Phasing a new project is, in most cases, the right decision. Every market is unique in consumer demand, seasonal trends and economic incentives that influence rental velocity. When you understand market demand on these levels, you can make better decisions about when and how to launch your new product. While market demand isn’t the only consideration in construction phasing, it should be pretty high on the list. If you over build your first phase, you may never recoup the lost interest cost. If you under build, you risk losing competitive traction or leaseup speed.
For example, in one particular market, monthly move-ins average 25 per month, and the average tenant rents for six months. During the summer months, rentals may be as high as 40 or more per month. During off-peak months, the market leader uses an incentive, offering the second month for free and discounting street rates at about 10 percent. This information helps you understand what to expect from leaseup and can help you develop a reasonable phased approach to building.
In this example market, it’s prudent to expect net rentals in year one of operation to reach or slightly exceed 180 units. This type of information can help guide your design process and investment strategy. If you know your market will only net 150 units in the first year, 200 to 250 units might be a reasonable phase one, even if the overall, long-term expectation is the market will absorb 500 units.
I’m not trying to oversimplify the decision-making process. Developers create and attract many incentives to build more units in their first phase: price of steel, economies of scale in construction, and finishing a project. But if you know your market will only absorb 150 units the first year, you have to weigh the economic cost of over building—and there is a cost.
When you sit down to pencil out the costs and benefits of phasing a project, don’t lose sight of the development as a whole. Are there site-work items you can more easily absorb in phase one? How can you keep the future construction of additional phases from hurting your ongoing business? What are the key triggers and considerations for moving ahead with the next phase?
For all you investment nerds, don’t get paralyzed in all the details and never move. Just know that when you understand how demand moves and how it will drive our business, and then plan to respond to that demand, you create sound strategy for maximizing your investment, not just your site.
Lipstick on the Pig
Self-storage buyers often ask questions like, “What are some of the better markets for self-storage?” and “What is the best way to invest in self-storage businesses?” Well, here’s the big secret: There is no secret. It’s hard work, and it takes a lot of time.
Finding good sites or acquisition opportunities can be grueling and overwhelming, especially without the right focus, team and tools. Maximizing investment in an existing self-storage business is asset- and market-specific. For the small operator to make a good investment in an older self-storage operation requires taking a comprehensive look at the physical site, specific micro-market dynamics, and the prevailing business model and financials. With these details, you can determine the overall investment picture and identify the risks and possible upside of acquiring and managing the asset.

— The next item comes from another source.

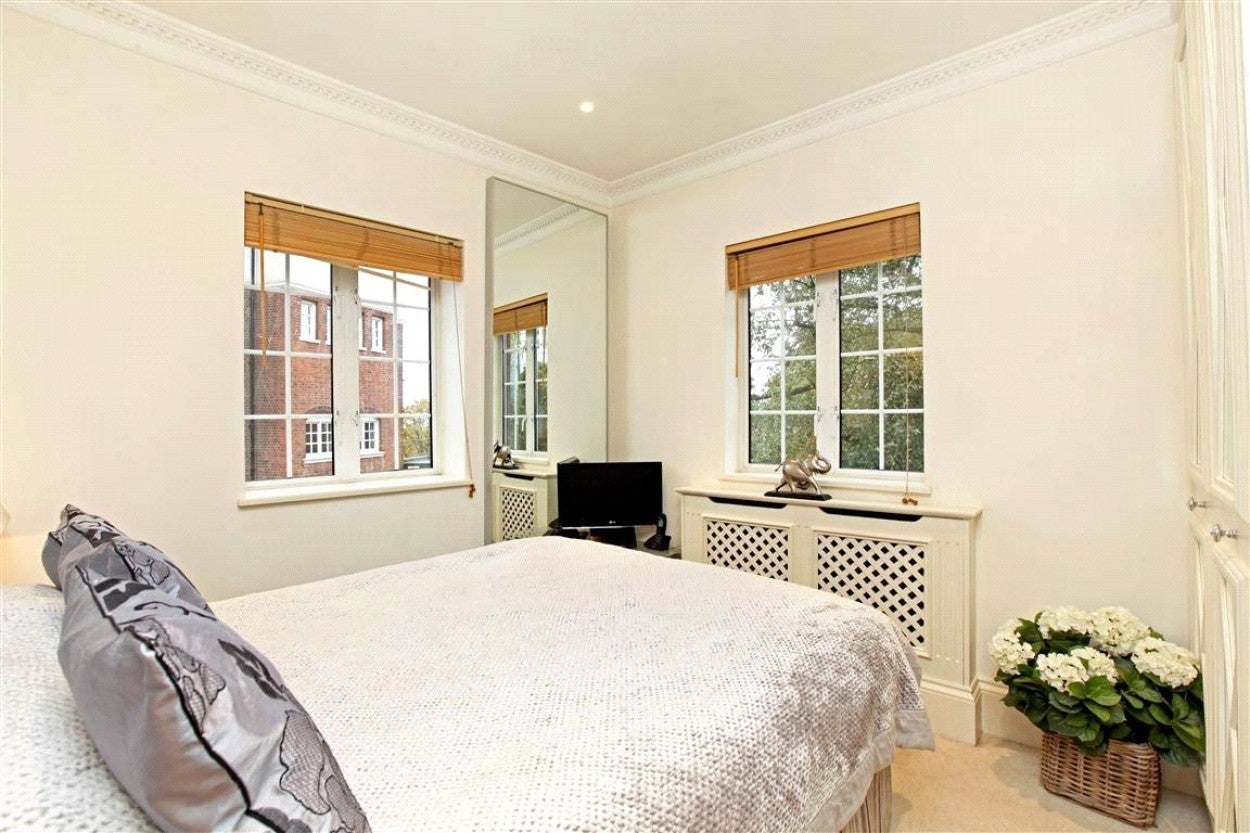 Flat The Mount in Greater London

As I go from market to market, I see a lot of older sites, often in good locations, with a poor operations and management profile and obsolete physical features. It was easier 20 years ago to find a quality location for self-storage. Some of these operators, while innovative in bringing their product to the market, have been surpassed by current customer demands. This can create an opportunity for buyers who can develop and implement the right vision.
Often it doesn’t take a whole lot to improve a self-storage acquisition. In almost every U.S. market, I see stores lagging behind their true potential. When facility managers are complacent and the necessary site maintenance is overlooked, the asset begins to die. But some of these dying assets could be opportunities for buyers interested in doing the work and breathing life back into the business.
Every asset is different and every market unique. But it’s not uncommon to see weaker stores in healthy markets charging lower rates. These stores often lag behind the market leaders in achievable rental rates and occupancy, and yet customer demand trends toward the leaders. A $10 rental rate difference between the market leaders and weaker stores isn’t unusual. For a potential buyer, though, this might represent a huge upside.